Tickets can be purchased online at https://spokane7tickets.com
If you have any questions, please contact Northwest Passages (email@example.com) or The Spokesman-Review as this is their event.
About the book
A relentless detective and an amateur genealogist solve a haunting cold case—and launch a crime-fighting revolution that tests the fragile line between justice and privacy.
In November 1987, a young couple on an overnight trip to Seattle vanished without a trace. A week later, the bodies of Tanya Van Cuylenborg and her boyfriend Jay Cook were found in rural Washington. It was a brutal crime, and it was the perfect crime: With few clues and no witnesses, an international manhunt turned up empty, and the sensational case that shocked the Pacific Northwest gradually slipped from the headlines.
In deep-freeze, long-term storage, biological evidence from the crime sat waiting, as Detective Jim Scharf poured over old case files looking for clues his predecessors missed. Meanwhile, 1,200 miles away in California, CeCe Moore began her lifelong fascination with genetic genealogy, a powerful forensic tool that emerged not from the crime lab, but through the wildly popular home DNA ancestry tests purchased by more than 40 million Americans. When Scharf decided to send the cold case’s decades-old DNA to Parabon NanoLabs, he hoped he would finally bring closure to the Van Cuylenborg and Cook families. He didn’t know that he and Moore would make history.
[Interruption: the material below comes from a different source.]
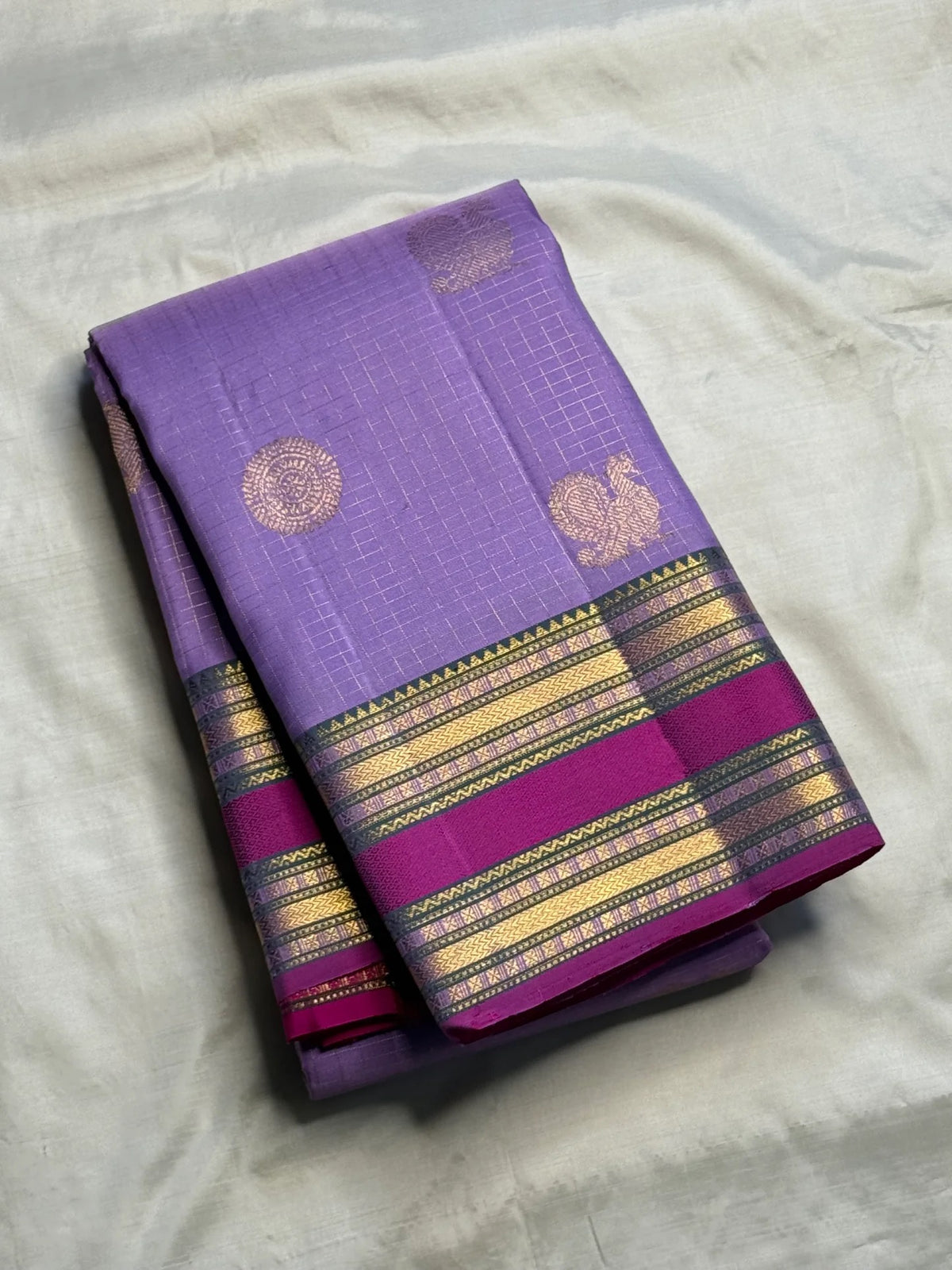Lavender Kanchipuram silk saree with fine intersecting Zari Kattam checks and woven zari buttas.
Genetic genealogy, long the province of family tree hobbyists and adoptees seeking their birth families, has made headlines as a cold case solution machine, capable of exposing the darkest secrets of seemingly upstanding citizens. In the hands of a tenacious detective like Scharf, genetic genealogy has solved one baffling killing after another. But as this crime-fighting technique spreads, its sheer power has sparked a national debate: Can we use DNA to catch the murderers among us, yet still protect our last shred of privacy in the digital age—the right to the very blueprint of who we are?
About the author
Edward Humes is a Pulitzer Prize–winning journalist and author whose fifteen previous books include Burned, Mississippi Mud, and the PEN Award–winning No Matter How Loud I Shout. He splits his time between Seattle and Southern California.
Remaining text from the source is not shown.